Top of RECORDS SHOWN

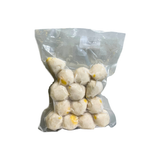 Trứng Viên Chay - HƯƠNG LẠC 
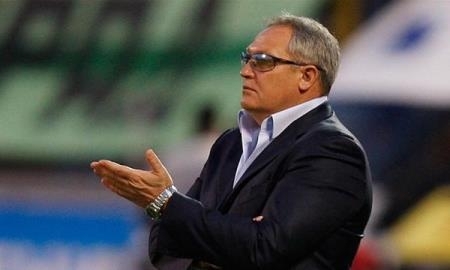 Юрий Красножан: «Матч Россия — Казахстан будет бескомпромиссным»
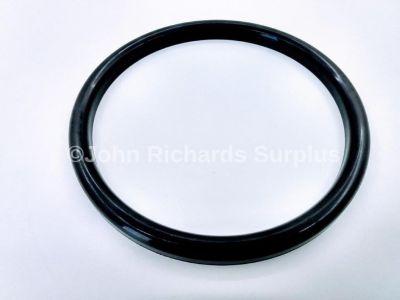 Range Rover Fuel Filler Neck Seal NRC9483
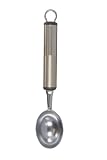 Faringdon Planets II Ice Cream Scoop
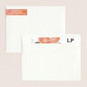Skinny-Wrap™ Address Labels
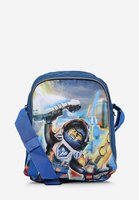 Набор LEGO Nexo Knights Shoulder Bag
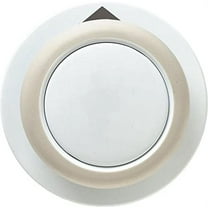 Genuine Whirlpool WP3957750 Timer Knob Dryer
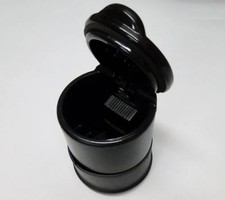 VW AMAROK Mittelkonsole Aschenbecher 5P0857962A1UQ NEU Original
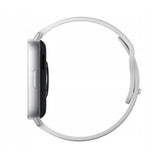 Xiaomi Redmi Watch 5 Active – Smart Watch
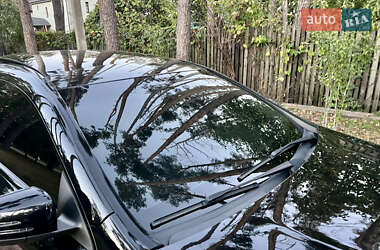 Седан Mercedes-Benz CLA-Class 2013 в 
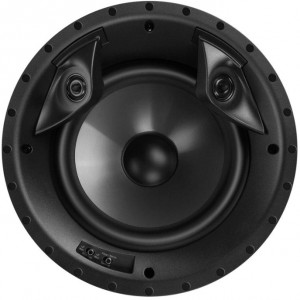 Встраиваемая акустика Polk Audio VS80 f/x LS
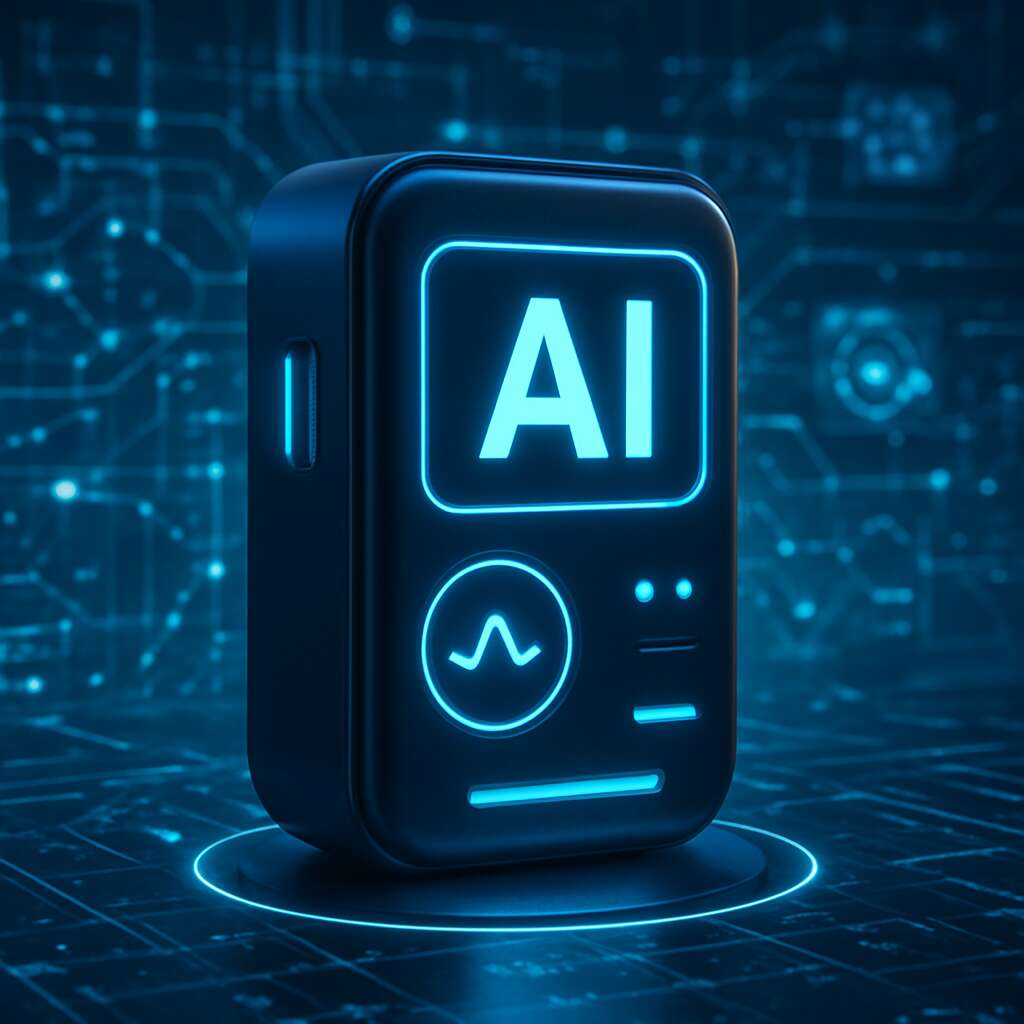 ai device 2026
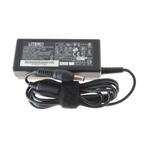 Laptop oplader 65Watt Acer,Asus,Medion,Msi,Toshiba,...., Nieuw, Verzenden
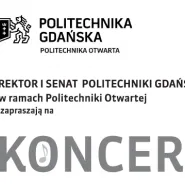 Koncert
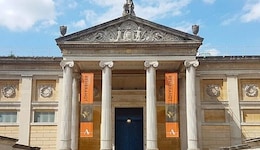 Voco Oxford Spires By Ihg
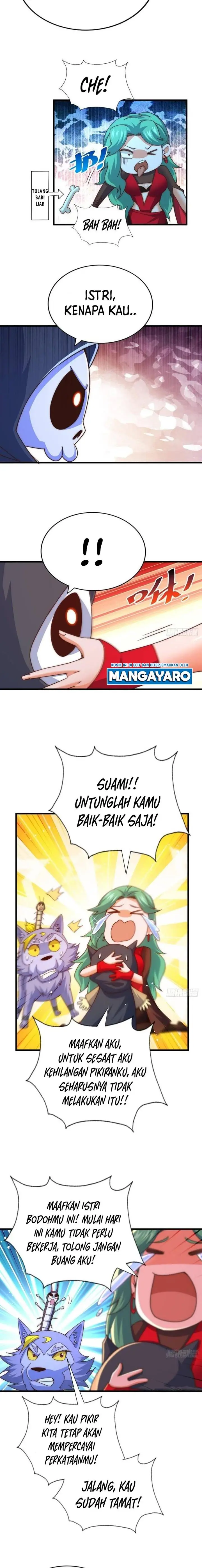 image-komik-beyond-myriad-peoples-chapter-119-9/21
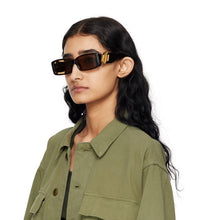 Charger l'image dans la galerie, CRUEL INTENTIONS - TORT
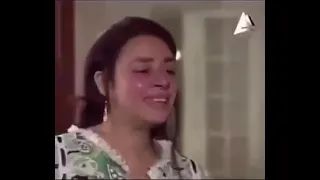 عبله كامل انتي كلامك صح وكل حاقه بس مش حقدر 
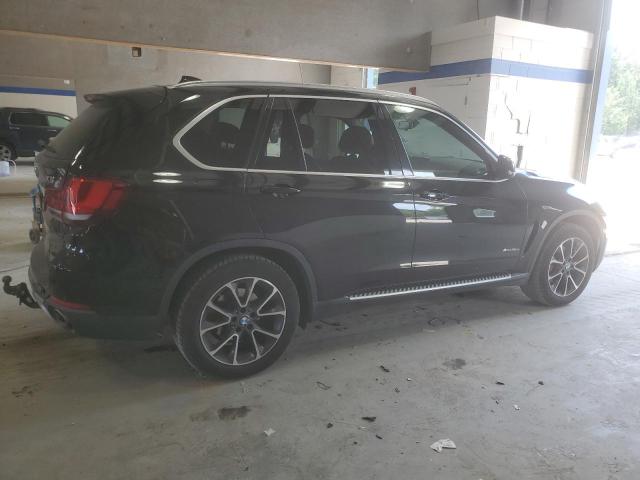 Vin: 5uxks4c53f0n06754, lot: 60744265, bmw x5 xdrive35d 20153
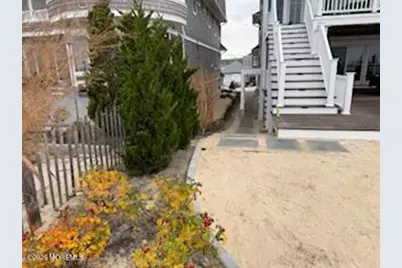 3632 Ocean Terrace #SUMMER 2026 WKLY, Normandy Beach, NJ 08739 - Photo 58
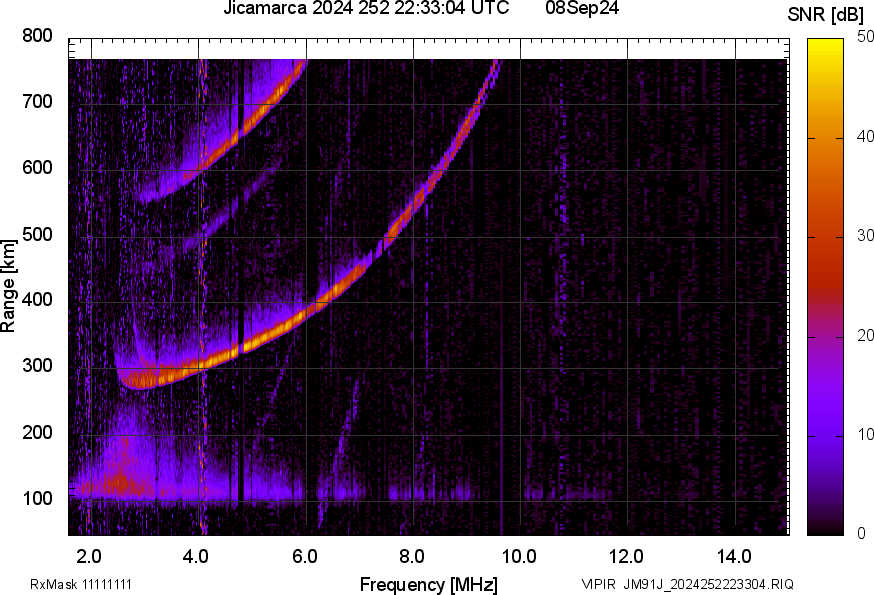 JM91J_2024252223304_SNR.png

Bottom of RECORDS SHOWN
Top of RECORDS SHOWN

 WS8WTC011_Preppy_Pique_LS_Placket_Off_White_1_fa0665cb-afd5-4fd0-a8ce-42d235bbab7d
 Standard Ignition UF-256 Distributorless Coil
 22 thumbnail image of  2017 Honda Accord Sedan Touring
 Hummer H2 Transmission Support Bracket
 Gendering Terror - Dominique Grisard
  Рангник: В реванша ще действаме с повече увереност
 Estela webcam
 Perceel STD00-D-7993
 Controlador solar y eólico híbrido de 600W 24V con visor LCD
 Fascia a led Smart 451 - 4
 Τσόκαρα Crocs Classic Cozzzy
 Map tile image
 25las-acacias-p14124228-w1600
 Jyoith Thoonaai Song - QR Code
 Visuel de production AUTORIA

Bottom of RECORDS SHOWN

▶ **WHAT TO PRODUCE**: Within the material above, extract exactly the lines that start at the line containing "Estela webcam" and stop after the line containing "Visuel de production AUTORIA", and only those.

▶ **COMPLETED TASK**:
 Estela webcam
 Perceel STD00-D-7993
 Controlador solar y eólico híbrido de 600W 24V con visor LCD
 Fascia a led Smart 451 - 4
 Τσόκαρα Crocs Classic Cozzzy
 Map tile image
 25las-acacias-p14124228-w1600
 Jyoith Thoonaai Song - QR Code
 Visuel de production AUTORIA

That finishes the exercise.